To achieve their objectives, hedge fund managers use a "toolkit" that contains the following tools:

  • Short selling

  • Leverage (borrowing)

  • Derivatives

SHORT SELLING

Short selling is the sine qua non of hedge funds, as implied by the "hedge" component of hedge funds. To "go short" or "sell short" or "take a short position" or "shorting the market" means to establish a position on a market or individual security such that the position will benefit if the price of the market or security declines. In the simplest example, a short position on IBM stock will make money if the price of IBM declines. Conversely, a short seller will lose money if the price of IBM goes up.

There are several ways of "going short" depending on the specific market and instrument. To give just a few examples:

  • Shorting an individual stock, the classic type of short selling.

  • In a more complex and more recent type of transaction, a hedge fund can short the credit of a mortgage-backed security or a corporate bond by selling a credit default swap.

The short sale of an individual stock is a strategy used in a number of hedge fund strategies. For example, long/short equity hedge funds short stocks on the basis of their view of the direction of the stock’s price, or related pair of stocks. 

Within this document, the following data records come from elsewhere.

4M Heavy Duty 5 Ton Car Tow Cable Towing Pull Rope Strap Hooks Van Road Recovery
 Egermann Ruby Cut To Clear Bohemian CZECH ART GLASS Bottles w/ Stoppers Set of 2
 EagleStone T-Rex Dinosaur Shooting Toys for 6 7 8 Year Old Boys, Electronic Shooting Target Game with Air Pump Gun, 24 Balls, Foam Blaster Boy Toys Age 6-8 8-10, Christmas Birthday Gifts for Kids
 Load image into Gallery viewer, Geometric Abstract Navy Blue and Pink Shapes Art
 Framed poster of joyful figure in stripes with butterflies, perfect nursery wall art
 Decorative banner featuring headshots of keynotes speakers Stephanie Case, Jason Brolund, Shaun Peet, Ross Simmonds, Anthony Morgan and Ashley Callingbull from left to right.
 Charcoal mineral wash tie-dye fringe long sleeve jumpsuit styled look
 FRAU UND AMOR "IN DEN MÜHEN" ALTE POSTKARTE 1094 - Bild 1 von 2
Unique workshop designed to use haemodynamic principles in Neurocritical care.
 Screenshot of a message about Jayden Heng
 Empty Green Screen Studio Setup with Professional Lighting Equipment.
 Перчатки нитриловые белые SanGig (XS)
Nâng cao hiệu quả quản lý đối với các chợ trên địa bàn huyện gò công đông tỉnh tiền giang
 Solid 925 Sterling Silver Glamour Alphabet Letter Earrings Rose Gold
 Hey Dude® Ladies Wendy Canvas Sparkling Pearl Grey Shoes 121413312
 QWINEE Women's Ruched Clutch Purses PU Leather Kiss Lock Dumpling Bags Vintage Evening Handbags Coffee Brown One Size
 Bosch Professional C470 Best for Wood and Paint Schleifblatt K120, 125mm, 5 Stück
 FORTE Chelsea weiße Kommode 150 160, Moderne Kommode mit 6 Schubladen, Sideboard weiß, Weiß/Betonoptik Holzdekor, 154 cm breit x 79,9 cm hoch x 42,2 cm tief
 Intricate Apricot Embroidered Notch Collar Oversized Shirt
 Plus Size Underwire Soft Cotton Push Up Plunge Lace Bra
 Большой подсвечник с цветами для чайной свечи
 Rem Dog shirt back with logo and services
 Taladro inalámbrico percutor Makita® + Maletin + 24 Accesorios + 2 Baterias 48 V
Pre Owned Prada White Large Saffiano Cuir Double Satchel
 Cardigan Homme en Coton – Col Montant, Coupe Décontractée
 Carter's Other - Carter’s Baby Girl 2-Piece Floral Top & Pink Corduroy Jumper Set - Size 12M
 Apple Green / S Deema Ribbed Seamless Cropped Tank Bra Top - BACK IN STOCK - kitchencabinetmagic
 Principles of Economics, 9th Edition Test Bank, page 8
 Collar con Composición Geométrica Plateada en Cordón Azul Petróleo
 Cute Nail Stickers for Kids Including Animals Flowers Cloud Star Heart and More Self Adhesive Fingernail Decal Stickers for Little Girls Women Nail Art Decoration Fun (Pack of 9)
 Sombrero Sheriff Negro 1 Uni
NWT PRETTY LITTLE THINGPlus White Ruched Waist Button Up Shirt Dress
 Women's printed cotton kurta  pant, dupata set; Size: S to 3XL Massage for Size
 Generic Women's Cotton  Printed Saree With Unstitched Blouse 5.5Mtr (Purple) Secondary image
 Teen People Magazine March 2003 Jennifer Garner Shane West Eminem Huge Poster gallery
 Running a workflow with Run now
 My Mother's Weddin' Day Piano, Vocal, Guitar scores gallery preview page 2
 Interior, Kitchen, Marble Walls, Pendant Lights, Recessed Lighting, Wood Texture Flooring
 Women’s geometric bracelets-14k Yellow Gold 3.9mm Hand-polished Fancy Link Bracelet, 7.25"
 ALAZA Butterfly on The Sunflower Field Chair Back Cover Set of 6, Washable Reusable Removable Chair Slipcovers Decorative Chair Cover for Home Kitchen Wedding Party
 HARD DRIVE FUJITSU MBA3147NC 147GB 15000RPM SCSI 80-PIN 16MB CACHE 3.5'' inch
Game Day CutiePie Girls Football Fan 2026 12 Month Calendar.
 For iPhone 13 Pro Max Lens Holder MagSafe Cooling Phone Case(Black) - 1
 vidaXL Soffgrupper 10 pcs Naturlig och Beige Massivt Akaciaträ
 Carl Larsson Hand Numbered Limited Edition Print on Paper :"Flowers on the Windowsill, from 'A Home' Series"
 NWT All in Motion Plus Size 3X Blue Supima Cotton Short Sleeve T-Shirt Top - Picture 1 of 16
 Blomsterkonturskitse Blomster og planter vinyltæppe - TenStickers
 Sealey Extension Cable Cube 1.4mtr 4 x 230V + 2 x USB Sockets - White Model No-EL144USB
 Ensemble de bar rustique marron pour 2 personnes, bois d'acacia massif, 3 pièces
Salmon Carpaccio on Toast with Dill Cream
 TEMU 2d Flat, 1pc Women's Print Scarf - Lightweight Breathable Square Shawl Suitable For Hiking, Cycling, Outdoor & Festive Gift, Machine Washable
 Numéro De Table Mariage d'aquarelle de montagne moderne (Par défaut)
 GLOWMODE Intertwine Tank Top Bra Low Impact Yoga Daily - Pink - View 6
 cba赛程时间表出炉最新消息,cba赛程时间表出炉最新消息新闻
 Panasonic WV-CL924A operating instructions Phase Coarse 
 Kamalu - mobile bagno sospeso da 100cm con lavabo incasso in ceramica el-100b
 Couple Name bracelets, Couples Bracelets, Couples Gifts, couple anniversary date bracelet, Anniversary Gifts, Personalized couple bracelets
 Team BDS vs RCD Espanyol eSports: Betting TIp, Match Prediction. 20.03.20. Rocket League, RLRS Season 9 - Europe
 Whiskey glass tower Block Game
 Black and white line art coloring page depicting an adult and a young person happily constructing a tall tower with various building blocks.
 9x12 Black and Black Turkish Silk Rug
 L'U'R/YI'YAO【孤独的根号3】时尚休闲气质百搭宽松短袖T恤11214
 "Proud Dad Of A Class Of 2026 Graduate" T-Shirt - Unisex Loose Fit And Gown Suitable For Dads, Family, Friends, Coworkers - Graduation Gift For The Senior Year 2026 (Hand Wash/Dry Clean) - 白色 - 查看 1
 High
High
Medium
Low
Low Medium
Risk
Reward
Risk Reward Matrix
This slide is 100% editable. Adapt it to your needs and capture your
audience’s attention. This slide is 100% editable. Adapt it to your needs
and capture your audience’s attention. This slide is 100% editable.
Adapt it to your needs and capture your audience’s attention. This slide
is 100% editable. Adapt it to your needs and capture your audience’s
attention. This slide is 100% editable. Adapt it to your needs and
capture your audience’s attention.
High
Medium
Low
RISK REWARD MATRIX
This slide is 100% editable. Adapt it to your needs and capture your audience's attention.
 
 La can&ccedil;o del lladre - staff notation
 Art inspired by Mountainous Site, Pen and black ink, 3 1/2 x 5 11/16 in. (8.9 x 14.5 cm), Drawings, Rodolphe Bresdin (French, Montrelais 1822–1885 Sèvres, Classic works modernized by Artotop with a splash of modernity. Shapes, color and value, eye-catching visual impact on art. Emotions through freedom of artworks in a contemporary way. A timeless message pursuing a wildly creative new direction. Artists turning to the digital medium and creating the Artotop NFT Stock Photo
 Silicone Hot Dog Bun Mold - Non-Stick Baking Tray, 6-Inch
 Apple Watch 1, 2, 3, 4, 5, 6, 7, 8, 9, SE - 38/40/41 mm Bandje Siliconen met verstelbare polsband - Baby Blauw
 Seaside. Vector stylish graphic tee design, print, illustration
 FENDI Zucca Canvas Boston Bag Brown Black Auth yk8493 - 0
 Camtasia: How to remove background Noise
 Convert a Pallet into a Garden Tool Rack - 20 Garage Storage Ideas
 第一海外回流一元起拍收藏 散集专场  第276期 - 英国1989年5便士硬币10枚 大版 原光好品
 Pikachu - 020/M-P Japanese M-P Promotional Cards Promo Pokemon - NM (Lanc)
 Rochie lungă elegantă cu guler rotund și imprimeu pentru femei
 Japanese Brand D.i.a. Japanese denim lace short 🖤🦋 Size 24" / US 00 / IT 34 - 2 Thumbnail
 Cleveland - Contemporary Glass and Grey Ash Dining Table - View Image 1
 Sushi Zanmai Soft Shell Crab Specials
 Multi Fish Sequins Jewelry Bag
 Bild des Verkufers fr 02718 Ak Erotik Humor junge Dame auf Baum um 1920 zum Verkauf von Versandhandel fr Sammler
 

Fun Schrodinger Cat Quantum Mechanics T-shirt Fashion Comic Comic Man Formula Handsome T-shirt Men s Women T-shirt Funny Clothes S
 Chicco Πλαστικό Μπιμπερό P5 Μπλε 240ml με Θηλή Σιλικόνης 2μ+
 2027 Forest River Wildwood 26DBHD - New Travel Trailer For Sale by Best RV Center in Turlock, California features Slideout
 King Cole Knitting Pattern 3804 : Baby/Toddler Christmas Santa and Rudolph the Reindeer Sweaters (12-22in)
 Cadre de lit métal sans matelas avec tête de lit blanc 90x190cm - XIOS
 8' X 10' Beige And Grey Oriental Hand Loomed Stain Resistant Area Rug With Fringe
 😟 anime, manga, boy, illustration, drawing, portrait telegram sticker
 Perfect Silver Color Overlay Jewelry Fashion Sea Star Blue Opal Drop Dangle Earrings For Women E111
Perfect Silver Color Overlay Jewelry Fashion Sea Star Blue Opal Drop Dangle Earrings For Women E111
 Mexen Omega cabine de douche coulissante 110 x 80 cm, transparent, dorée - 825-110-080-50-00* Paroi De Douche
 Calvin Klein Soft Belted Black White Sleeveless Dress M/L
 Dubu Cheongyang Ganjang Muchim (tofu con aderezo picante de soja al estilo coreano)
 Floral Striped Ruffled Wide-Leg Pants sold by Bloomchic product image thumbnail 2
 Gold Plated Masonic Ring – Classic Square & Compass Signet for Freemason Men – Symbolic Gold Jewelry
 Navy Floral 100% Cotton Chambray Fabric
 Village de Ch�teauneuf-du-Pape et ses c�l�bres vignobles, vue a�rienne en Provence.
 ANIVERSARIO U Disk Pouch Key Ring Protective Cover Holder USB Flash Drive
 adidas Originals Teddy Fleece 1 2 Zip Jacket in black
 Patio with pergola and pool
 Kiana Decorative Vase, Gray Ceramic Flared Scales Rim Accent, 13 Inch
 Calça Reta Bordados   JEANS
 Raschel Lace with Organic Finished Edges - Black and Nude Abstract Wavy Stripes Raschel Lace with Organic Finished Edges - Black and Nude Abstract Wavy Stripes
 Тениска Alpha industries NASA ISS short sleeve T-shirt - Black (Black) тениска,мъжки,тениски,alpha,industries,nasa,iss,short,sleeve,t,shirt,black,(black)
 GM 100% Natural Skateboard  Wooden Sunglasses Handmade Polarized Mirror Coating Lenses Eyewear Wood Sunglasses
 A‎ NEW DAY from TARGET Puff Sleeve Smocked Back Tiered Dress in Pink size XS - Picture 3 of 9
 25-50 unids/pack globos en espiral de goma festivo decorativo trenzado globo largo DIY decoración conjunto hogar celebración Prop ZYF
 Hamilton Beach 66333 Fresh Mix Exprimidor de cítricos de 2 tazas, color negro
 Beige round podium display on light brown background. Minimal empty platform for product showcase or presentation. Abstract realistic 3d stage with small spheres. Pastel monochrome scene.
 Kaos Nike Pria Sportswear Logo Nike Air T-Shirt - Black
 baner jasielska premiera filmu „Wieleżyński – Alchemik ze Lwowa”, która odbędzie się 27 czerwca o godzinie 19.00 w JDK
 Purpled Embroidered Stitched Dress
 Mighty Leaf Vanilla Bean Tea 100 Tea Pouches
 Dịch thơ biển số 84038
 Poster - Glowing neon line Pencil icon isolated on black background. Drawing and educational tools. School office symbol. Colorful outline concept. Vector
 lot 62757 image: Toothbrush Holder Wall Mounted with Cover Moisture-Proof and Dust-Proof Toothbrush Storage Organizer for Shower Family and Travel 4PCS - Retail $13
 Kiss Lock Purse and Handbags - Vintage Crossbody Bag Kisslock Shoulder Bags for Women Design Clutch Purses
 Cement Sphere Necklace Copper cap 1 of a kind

Mechanically, a short stock sale is achieved as follows:

  1. The hedge fund initiates the position by borrowing a stock from a broker/dealer. The dealer will in turn normally borrow the stock from customers who maintain long positions in the stock with the broker in return for a small fee. This transaction is known as "securities lending." Many large institutional investors such as pension funds, insurance companies, and mutual funds allow securities in their portfolios to be loaned out as a way of earning incremental income.

  2. The fund then sells the stock in the open market and deposits the proceeds in a margin account with the broker/dealer as collateral for the borrowed stock.

  3. To close out the position, the fund will buy the stock in the open market and return the shares to the lending dealer.

Risks in Short Sales

Short selling is not simply the opposite of buying and holding a stock position. It requires specialized skill and introduces a level of complexity and risk not found in long stock positions. It is for this reason that managers whose background is entirely or predominantly on the long side, for example, working for a traditional mutual fund, sometimes find it difficult to adapt to the hedge fund world. There are a number of risks that are unique to shorting stocks:

  1. Unlimited loss potential: In a traditional long position, the manager’s losses are limited to the amount he spent to purchase the stock. However, in a short position, the loss is theoretically infinite since the price of the stock can rise without limit.

  2. Stock loan difficulties: Short positions in stocks with high levels of short interest (i.e., high demand by hedge fund and others to short the stock) may be difficult to implement. For example, the stock may be impossible to borrow, or can only be borrowed at a high cost.

  3. Stock "call-in": A stock loan may be "called-in" by the stock lender, causing the manager to buy the stock at the market price, which may mean forcing a loss.

  4. Margin call: If the price of the stock rises and triggers a margin call from the broker, the hedge fund must come up with additional collateral or purchase the stock at the market price, typically at a loss since the margin call implies the stock’s price has most likely risen.

  5. Short squeezes: A short squeeze is a sharp increase in the price of a stock caused by short sellers attempting to cover their short positions at the same time. This is especially acute for stocks that are thinly traded or where supply is limited. A recent example is the sharp rise in the price of Porsche stock as hedge funds that had shorted the stock scampered to purchase the stock to cover their large short positions. However, there was a limited supply of Porsche shares, which caused a spike in their price and resulted in billions of dollars in losses for the hedge funds.